Siman points out that while commercial spectrometers range from $1,200 to $3,400 and require a trained operator, her team’s spectrometer costs about $40 in parts and can be packaged in kits for use in K-12 classrooms. In fact, the spectrometer has been operated by students as young as the first grade, who used smartphones to photograph the differentiated spectra and upload the images to a central database for analysis. Erie Open Systems is working with Dave Shellhaas, director of curriculum at Midwest Regional Educational Service Center in Bellefontaine, Ohio, to create a curriculum for use in schools.

Siverts, also, through sponsoring organizations TIES and ALRW, has been integrating water treatment concepts into K-12 classrooms, giving lectures on water quality and taking students to water treatment and wastewater plants. Such educational efforts are characteristic of “citizen science,” a movement in which the public is encouraged to contribute to scientific research.

Protecting water resources

“Right now, science is very much directed to scientists or researchers, but that does not necessarily need to be true,” says Khakipoor who, through TIES, teaches a computer programming course (called “Bee a Coder”) which has elementary students communicate through coding activities that imitate the communicative “dance” of bees. “Because all of us, at the end of the day, are scientists – we all do experiments in our own lives.”

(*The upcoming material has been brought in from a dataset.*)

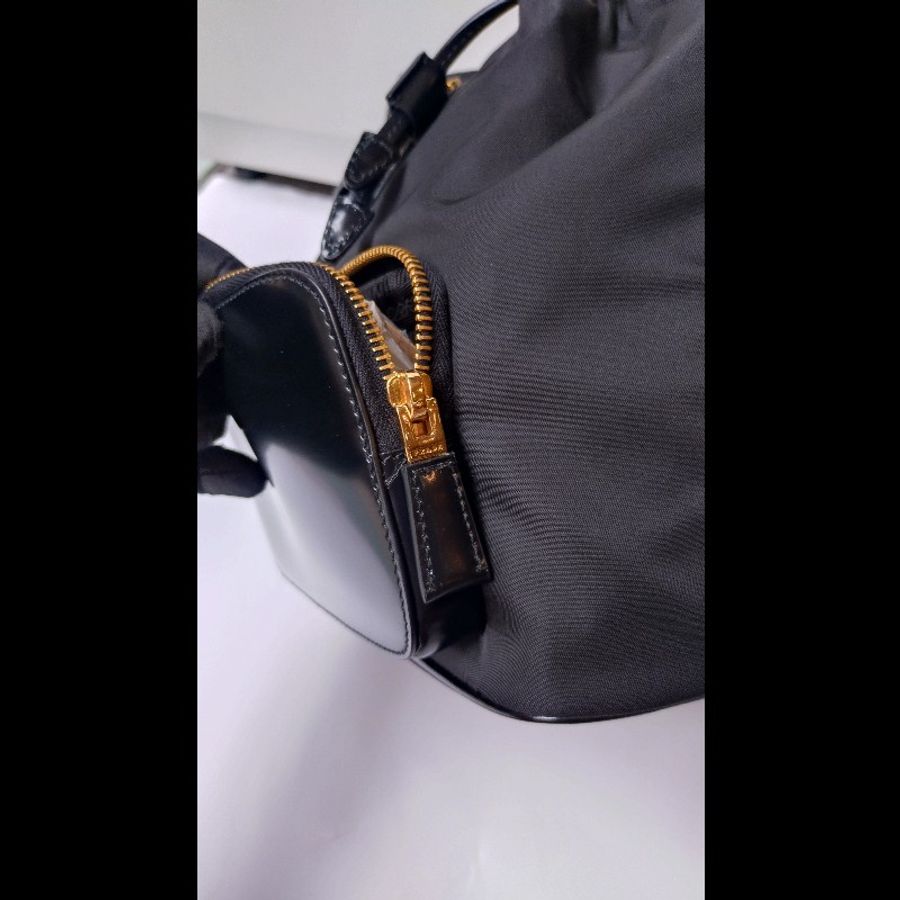 Prada 新款再生尼龍布+皮革黑色後背包-26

Khakipoor and Siverts, through ALRW, are developing a computer system that uses artificial neural networks, loosely inspired by the thinking and learning process of the human brain, to better analyze data and predict the occurrence of HABS and dead zones in Lake Erie.

“I became interested in drinking water quality after living in California, where water is scarce and management is a social responsibility shared by all citizens,” Siverts say. “I see drinking water resources as our next big global issue.”